🤖 AI Summary
This work addresses the ambiguity in credit assignment arising from token-level rewards in existing policy self-distillation methods, which fail to distinguish input-specific reasoning from input-agnostic generic associations. From a posterior compatibility perspective, the authors reveal that such rewards fundamentally correspond to pointwise mutual information (PMI). To resolve this issue, they propose CREDIT, a method that decomposes teacher log-probabilities to isolate input-specific components and employs a batch-wise contrastive baseline to extract input-specific credit signals. This yields a sequence-level contrastive mutual information proxy objective that suppresses overconfident model responses to irrelevant inputs. Evaluated across code generation, scientific reasoning, and tool-use benchmarks, CREDIT achieves state-of-the-art overall performance on two major model families with negligible computational overhead.
📝 Abstract
On-policy self-distillation has emerged as a promising paradigm for post-training language models, in which the model conditions on environment feedback to serve as its own teacher, providing dense token-level rewards without external teacher models or step-level annotations. Despite its empirical success, what this reward actually measures and what kind of credit it assigns remain unclear. Under a posterior-compatibility interpretation of feedback conditioning, standard in the implicit-reward literature, we show that the self-distillation token reward is a Bayesian filtering increment whose trajectory sum is exactly the pointwise mutual information between the response and the feedback given the input.

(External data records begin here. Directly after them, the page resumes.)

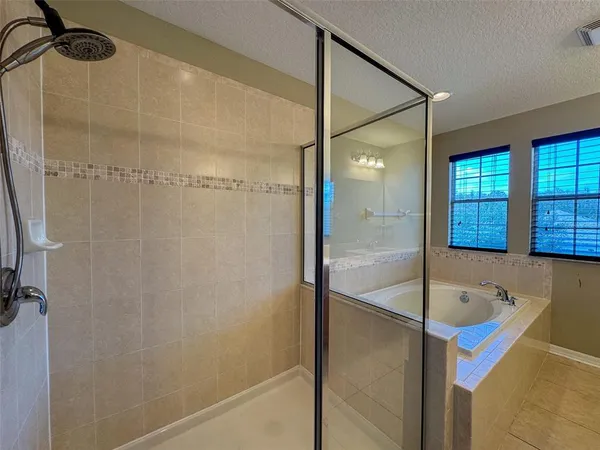 a bathroom with a tub and shower
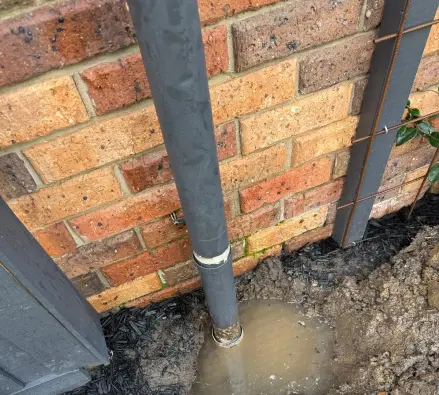 Grey downpipe at a brick wall entering a muddy dug hole, with tools on mulch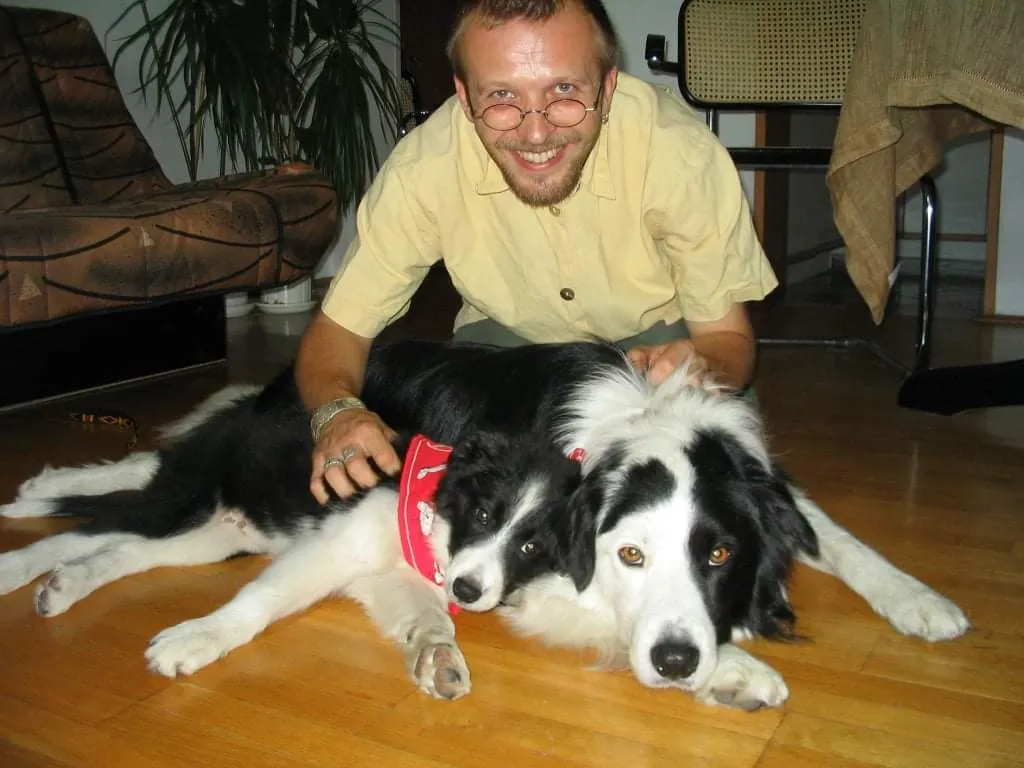 Uśmiechnięty Marcin Wierzba z dwoma czarno-białymi psami.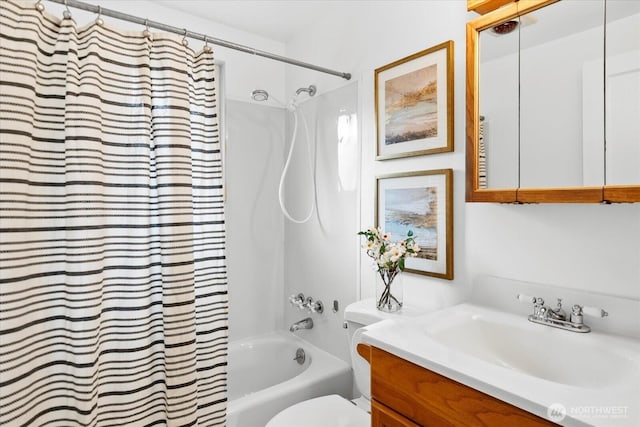 bathroom featuring shower / tub combo with curtain, vanity, and toilet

This pMI can be raised by input-specific reasoning or by input-generic shortcuts, so we further decompose the teacher log-probability along the input axis. Based on this analysis, we propose CREDIT (Contrastive REward from DIsTillation), which isolates the input-specific component with a batch-contrastive baseline. At the sequence level, CREDIT is a teacher-side surrogate for a contrastive pMI objective that also penalizes responses remaining likely under unrelated inputs. Across coding, scientific reasoning, and tool-use benchmarks on two model families, CREDIT delivers the strongest aggregate performance at negligible additional compute.